▶ **WORK REQUIRED**
Find the line with "На острове Южный сгорел частный дом" in the records below. Output exactly from there until after the line with "ギヤをR(バック)に入れると", without pictures.

▶ **GIVEN DATA**
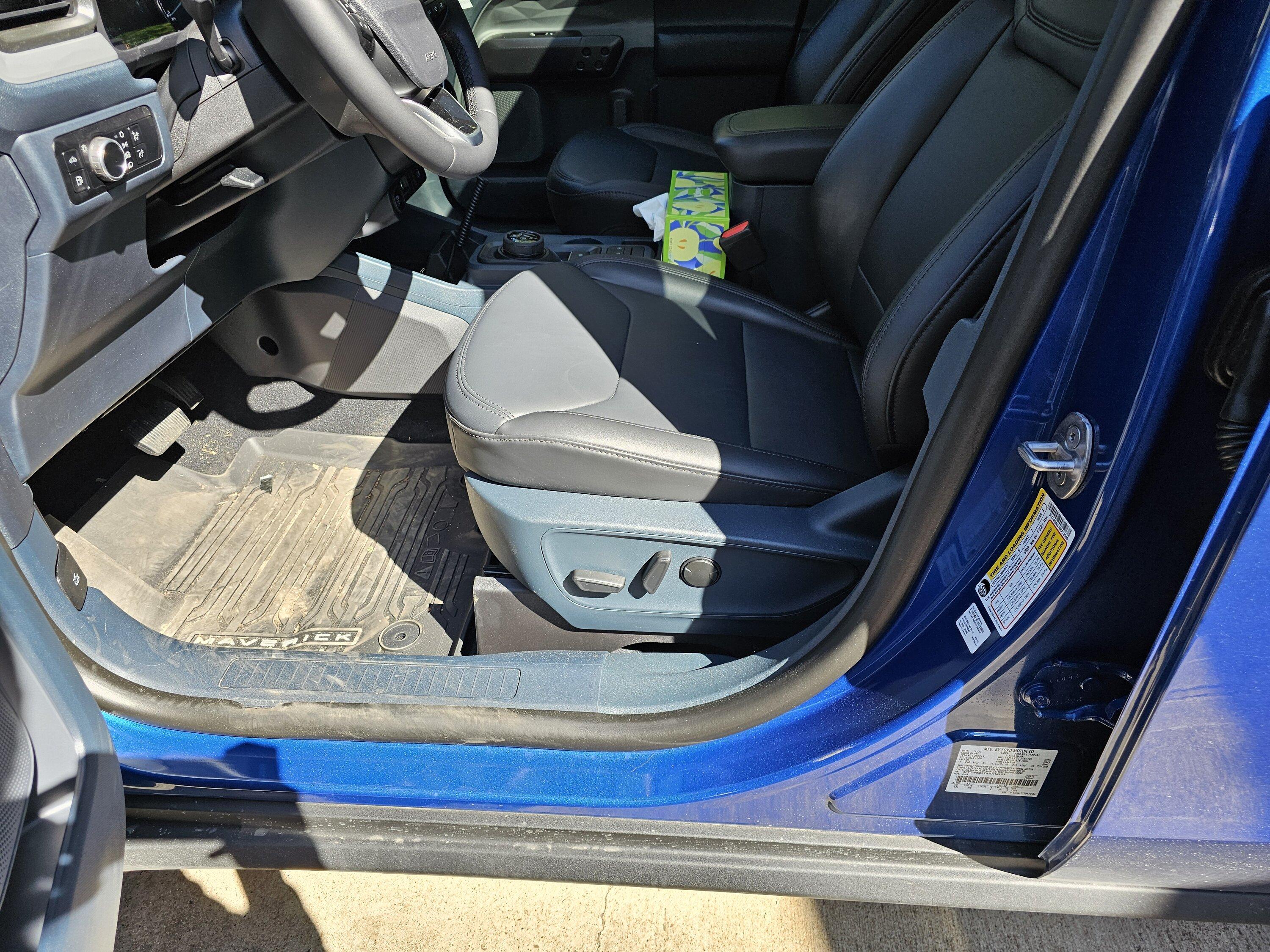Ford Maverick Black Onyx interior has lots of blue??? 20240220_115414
* * *
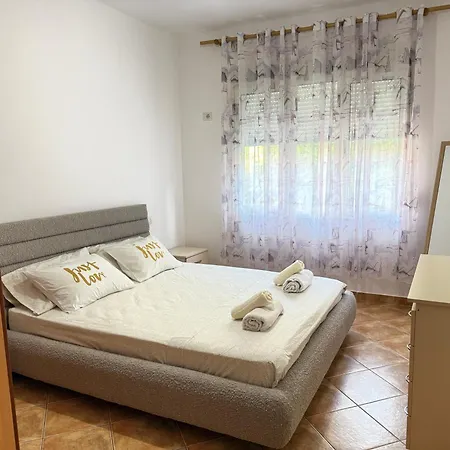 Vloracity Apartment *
* * *
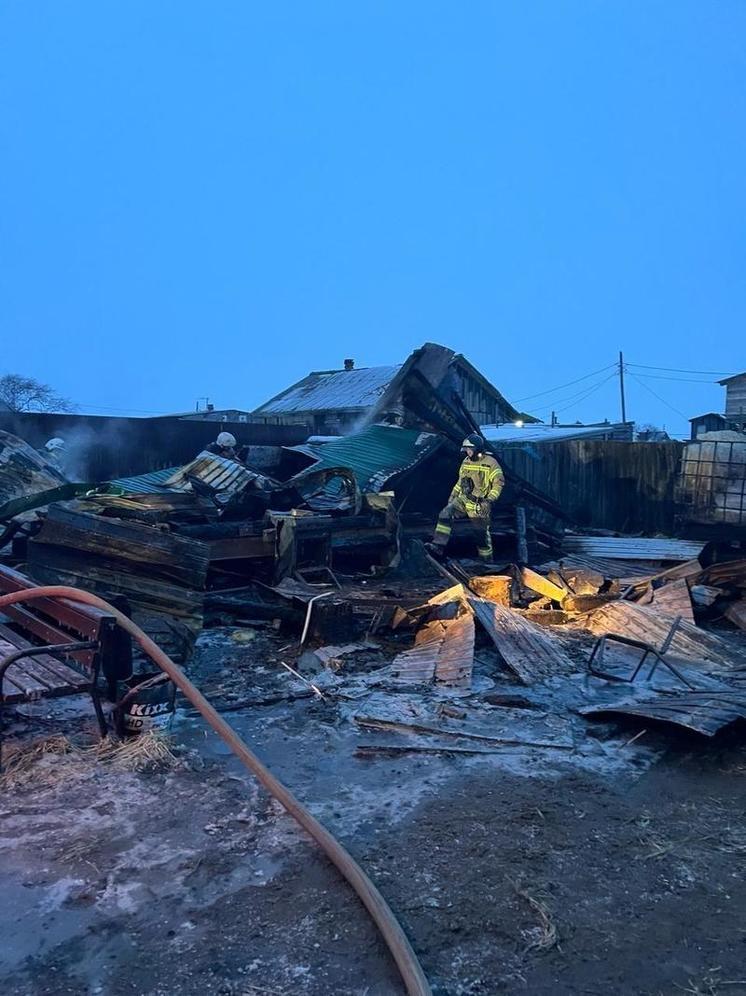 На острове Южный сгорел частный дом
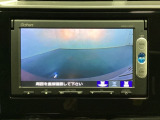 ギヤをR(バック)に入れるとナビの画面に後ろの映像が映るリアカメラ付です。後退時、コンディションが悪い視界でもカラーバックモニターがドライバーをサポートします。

▶ **RESPONSE TO THIS EXERCISE**
 На острове Южный сгорел частный дом
 ギヤをR(バック)に入れるとナビの画面に後ろの映像が映るリアカメラ付です。後退時、コンディションが悪い視界でもカラーバックモニターがドライバーをサポートします。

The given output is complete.